Recorded information section start

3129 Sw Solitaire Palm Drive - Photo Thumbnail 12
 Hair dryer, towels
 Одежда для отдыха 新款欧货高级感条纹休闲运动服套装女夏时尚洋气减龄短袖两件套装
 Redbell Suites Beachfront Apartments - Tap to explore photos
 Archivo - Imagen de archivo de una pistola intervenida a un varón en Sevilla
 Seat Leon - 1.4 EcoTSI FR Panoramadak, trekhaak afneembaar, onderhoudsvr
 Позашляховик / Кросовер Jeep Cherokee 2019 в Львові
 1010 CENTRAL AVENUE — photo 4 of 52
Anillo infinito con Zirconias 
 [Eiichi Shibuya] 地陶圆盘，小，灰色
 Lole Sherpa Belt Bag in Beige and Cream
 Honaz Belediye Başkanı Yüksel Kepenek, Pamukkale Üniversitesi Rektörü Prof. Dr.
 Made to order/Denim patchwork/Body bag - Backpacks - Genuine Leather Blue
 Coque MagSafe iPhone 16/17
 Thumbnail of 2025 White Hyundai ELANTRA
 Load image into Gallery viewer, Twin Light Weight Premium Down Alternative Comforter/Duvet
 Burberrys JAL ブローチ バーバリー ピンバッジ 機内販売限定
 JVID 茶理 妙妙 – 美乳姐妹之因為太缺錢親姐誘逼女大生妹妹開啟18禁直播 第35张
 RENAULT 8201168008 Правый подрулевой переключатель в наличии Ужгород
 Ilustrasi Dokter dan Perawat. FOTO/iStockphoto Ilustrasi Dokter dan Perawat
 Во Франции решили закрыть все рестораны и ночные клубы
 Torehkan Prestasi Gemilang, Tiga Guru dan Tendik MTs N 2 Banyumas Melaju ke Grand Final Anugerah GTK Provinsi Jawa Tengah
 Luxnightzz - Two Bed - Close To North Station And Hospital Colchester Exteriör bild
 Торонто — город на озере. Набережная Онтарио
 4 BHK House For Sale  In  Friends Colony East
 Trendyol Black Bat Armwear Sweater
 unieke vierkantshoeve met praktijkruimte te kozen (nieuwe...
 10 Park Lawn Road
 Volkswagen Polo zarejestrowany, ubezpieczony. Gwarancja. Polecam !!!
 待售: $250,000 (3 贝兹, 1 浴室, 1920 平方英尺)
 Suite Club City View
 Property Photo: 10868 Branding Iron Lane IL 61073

Recorded information section end

[Exercise directions]: Where the data above reaches the line holding "Burberrys JAL ブローチ バーバリー ピンバッジ 機内販売限定", begin printing, and stop after the line holding "Во Франции решили". Each line must be reproduced exactly, with nothing else added.

[Output]:
 Burberrys JAL ブローチ バーバリー ピンバッジ 機内販売限定
 JVID 茶理 妙妙 – 美乳姐妹之因為太缺錢親姐誘逼女大生妹妹開啟18禁直播 第35张
 RENAULT 8201168008 Правый подрулевой переключатель в наличии Ужгород
 Ilustrasi Dokter dan Perawat. FOTO/iStockphoto Ilustrasi Dokter dan Perawat
 Во Франции решили закрыть все рестораны и ночные клубы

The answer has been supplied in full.